To precipitate the target proteins, the lysates of cells without or with stably transfection of tagged constructs were incubated with 3 μg of the first antibody for 3 h at 4 °C, followed by incubation with the precleared protein A-agarose bead (Roche, Mannheim, Germany) slurry. After extensive washing, the samples were subjected to western blot to detect the potential interacting proteins.

Construction and transfection of lentiviral vectors

To further investigate the effects of the siRNA-induced downregulation of FHL2 in FOXK1-overexpressed cells on tumour growth in vivo, an FHL2-RNAi lentiviral vector (pGCSIL-FHL2 shRNA) was constructed (Shanghai GeneChem Co, Ltd, Shanghai, China). Double-stranded oligonucleotides encoding human FHL2-vshRNA (5′-CCGGCCGAATCTCTCTTTGGCAAGTCAAGAGCTTGCCAAAGAGAGATTCGTTTTTG-3′) were inserted into the shRNA expression vector pGCSIL (Shanghai GeneChem Co., Ltd.), and the identities of the clones were verified by sequencing.

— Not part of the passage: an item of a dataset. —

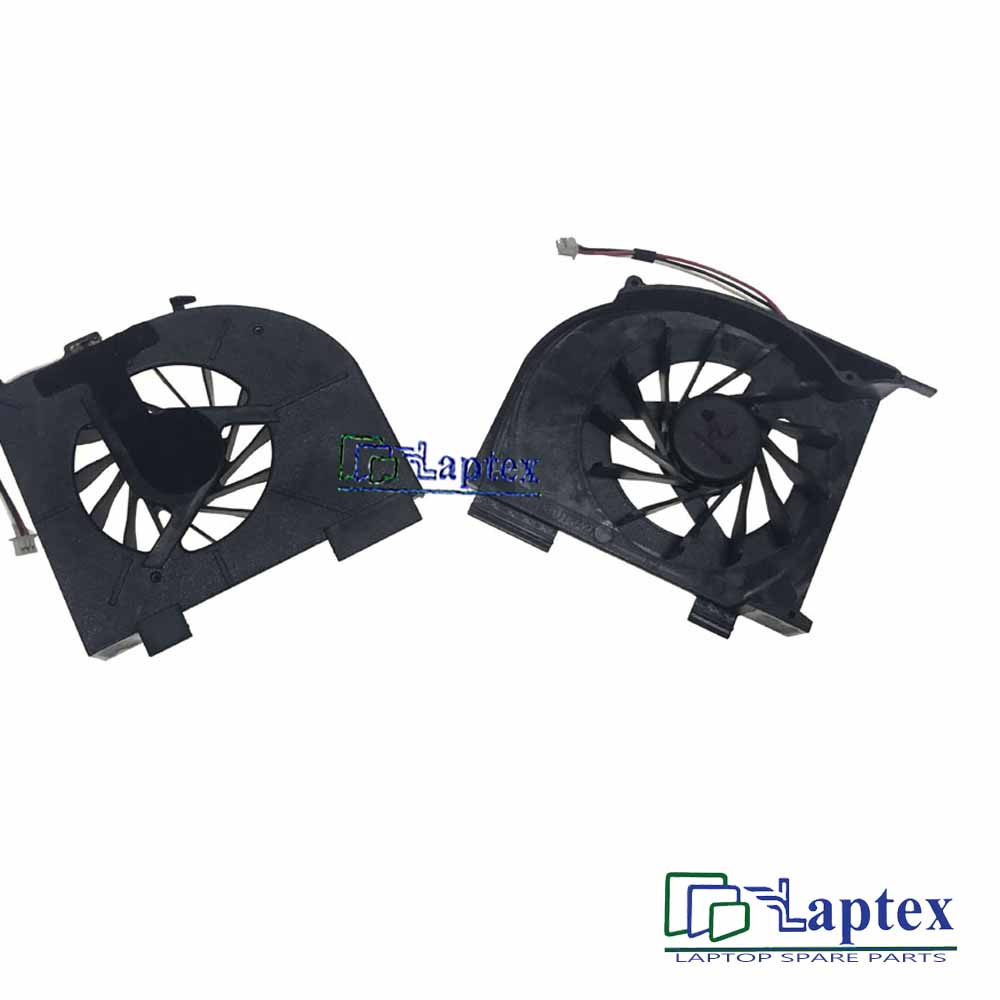 HP Pavilion DV5 1000 CPU Cooling Fan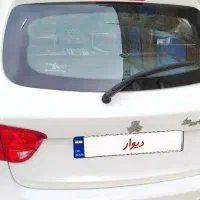 کوییک gxrl 1404 صفر|خودرو سواری و وانت|مشهد, طبرسی شمالی|دیوار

A recombinant lentiviral vector was produced by co-transfecting HEK293T cells with the lentiviral expression vector and the packaging plasmid mix using Lipofectamine 2000. The viruses were harvested 48 h after transfection, and viral titre were determined. SW480 cells (1 × 105) were infected with 1 × 106 recombinant lentivirus-transducing units in the presence of 6 μg/ml polybrene (Sigma).

In vivo tumour growth assay

Tumour growth was evaluated in a nude mouse xenograft model. SW480 cells (5 × 106) in 0.1 ml of RPMI, were inoculated subcutaneously into the right flanks of 5- to 6-week-old female BALB/c-nu/nu mice (three mice in each group, nine mice were allocated to three experiment groups randomly before the experiment, the investigator was blinded to the group allocation during the experiments and the method of randomization was used to process the mice; Laboratory Animal Unit, Southern Medical University, China; the decision of laboratory animal ethics number was L2015065), and the resulting tumour sizes were measured weekly. Institutional guidelines were followed for handling the animals. The mice were maintained under sterile conditions. The tumour volumes were calculated as follows: total tumour volume (mm3)=L × W2/2, where L is the length and W is the width. On day 30 after inoculation, the mice were killed, and the tumours were dissected and weighed. IHC analysis was performed using anti-Ki-67 and anti-CD105 antibodies.

In vivo metastasis assays

The mice were anaesthetised with isoflurane (mice were allocated to experiment groups randomly). For the orthotopic tumour implantation assays, pcDNA 3.1, pcDNA 3.1-FOXK1 or lenti-FOXK1–FHL2-siRNA-expressing cells (1 × 106 in 0.1 ml of PBS) were inoculated into the dorsal subcostal incision to expose the spleen. The volume (50 μl) of tumour cell suspension was slowly injected into the spleen using a 25-gauge needle. Thirty days later, all the mice were killed, individual organs were removed and metastatic tissues were analysed with haematoxylin and eosin staining.

Statistical analysis

Quantitative data from the experiments with biological replicates were presented as the means (±s.d.). Student’s t-tests analysis were used to analyse the differences between groups. Pearson’s correlation efficiency analysis was also used. Survival analysis were performed via Kaplan–Meier and log-rank test. The differences were considered statistically significant at P<0.05.